TASK REQUIREMENTS: Look below for the line that contains "BAGGU Products Nylon Loaf Bag - Fig", then copy it and each following line exactly, through and including the line that contains "SC Halle sichert".
[Opening AVAILABLE RECORDS section]
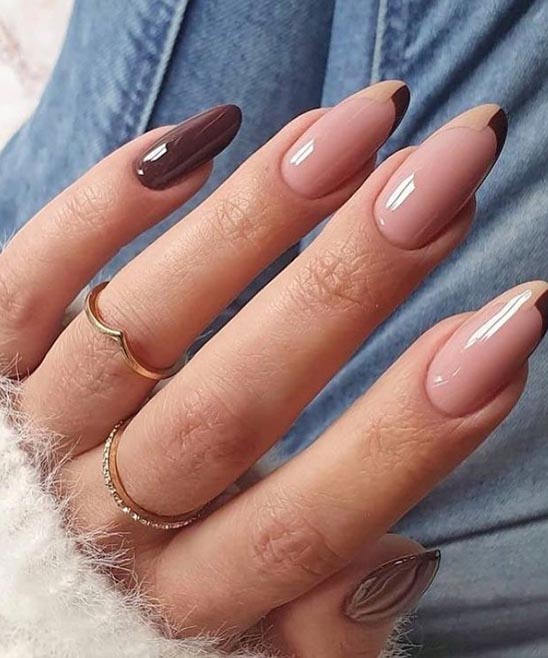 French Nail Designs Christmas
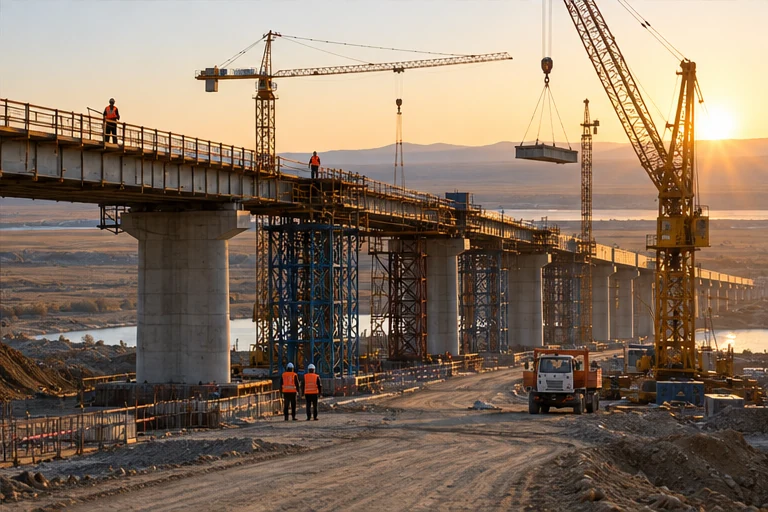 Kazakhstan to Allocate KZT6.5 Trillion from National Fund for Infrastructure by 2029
[Closing AVAILABLE RECORDS section]
[Opening AVAILABLE RECORDS section]
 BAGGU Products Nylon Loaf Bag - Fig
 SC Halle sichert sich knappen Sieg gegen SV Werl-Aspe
[Closing AVAILABLE RECORDS section]
EXPECTED OUTPUT:
 BAGGU Products Nylon Loaf Bag - Fig
 SC Halle sichert sich knappen Sieg gegen SV Werl-Aspe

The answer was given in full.